Nach dem Tod ihrer Eltern: Junge Ullersdorfer Schwäne fressen wieder

Dresden. Der Schmerz sitzt tief. Teilnahmslos und gleichgültig starren die sechs jungen Schwäne geradeaus, als sie in ihrem neuen zu Hause in Kaditz ankommen. Das Futter rühren sie nicht an. Eigentlich sollten sie auch gar nicht hier sein, in der Wildvogelauffangstation. Noch vor wenigen Tagen schwammen sie mit ihren Eltern auf dem Teich am Ullersdorfer Golfplatz. Familienidylle.

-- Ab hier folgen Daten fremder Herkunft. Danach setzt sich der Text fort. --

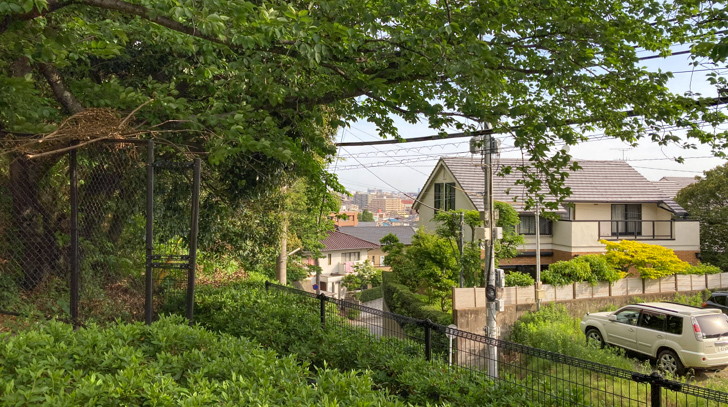 木々の隙間から街を見下ろせる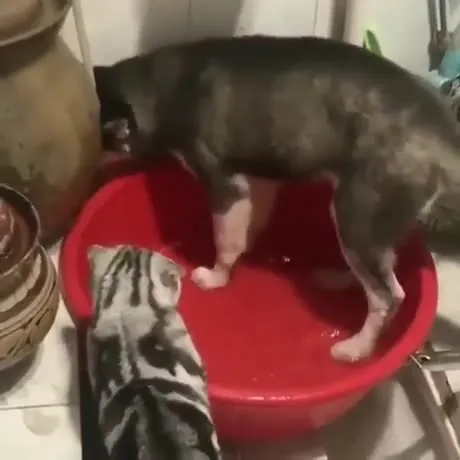 Кот мешает свинье купаться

Doch die Geschwister mussten mit ansehen, wie die Eltern von einem frei laufenden Hund totgebissen wurden.
Inzwischen geht es ihnen etwas besser, sagt Ronja Fulsche von der Wildvogelauffangstation. Genau eine Woche befinden sich die Tiere nun ihrer Obhut. Sie fressen wieder und baden, nachdem sie in den ersten Tag apathisch gewesen seien. Vor allem das Bad im Becken sei sehr wichtig für die jungen Schwäne, damit sich das Gefieder richtig entwickeln kann. "Ein See wäre schöner", sagt Fulsche. Aber besser ein Becken als gar kein Wasser.

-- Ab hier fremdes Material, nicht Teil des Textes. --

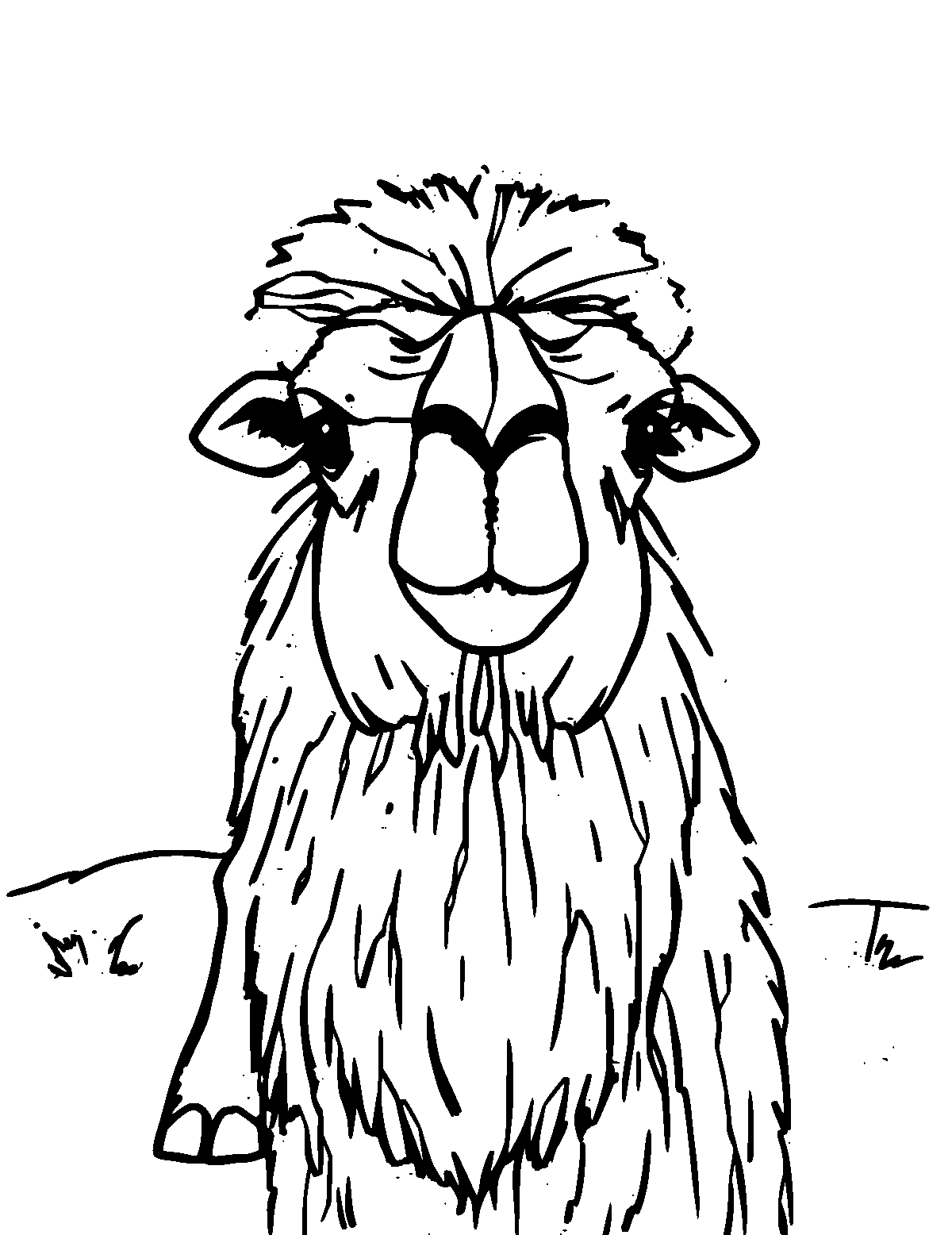 Line-art coloring page of Bactrian Camel, medium outlines, centered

Größere Voliere, größeres Becken
Die Vögel sind erst um den 1. Juni herum geschlüpft. Die Eltern lebten bis zu ihrem Tod schon drei Jahre lang auf dem Golfplatz. Es wäre ihre Aufgabe gewesen, ihre Jungen vor wilden Tieren, vor Füchsen zum Beispiel, zu beschützen, bis sie so groß geworden sind, dass sie sich selbst verteidigen können. Doch der elterliche Schutzschirm brach am 28. Juli zusammen, binnen Minuten. Helfer um den Dresdner Schwanen-Experten Thomas Eißer entschieden, die sechs Jungtiere einzufangen und nach Kaditz zu bringen.
Dort werden sie jetzt voraussichtlich bis Oktober bleiben. Der Platz in der Voliere, in der bis vor Kurzem noch Enten aufgepäppelt wurden, dürfte bis dahin eng werden. Daher könnte ein Umzug nötig werden. Ende August soll eine größere Wasservogel-Voliere in der Wildvogelauffangstation entstehen. Dort gebe es dann auch ein größeres Becken.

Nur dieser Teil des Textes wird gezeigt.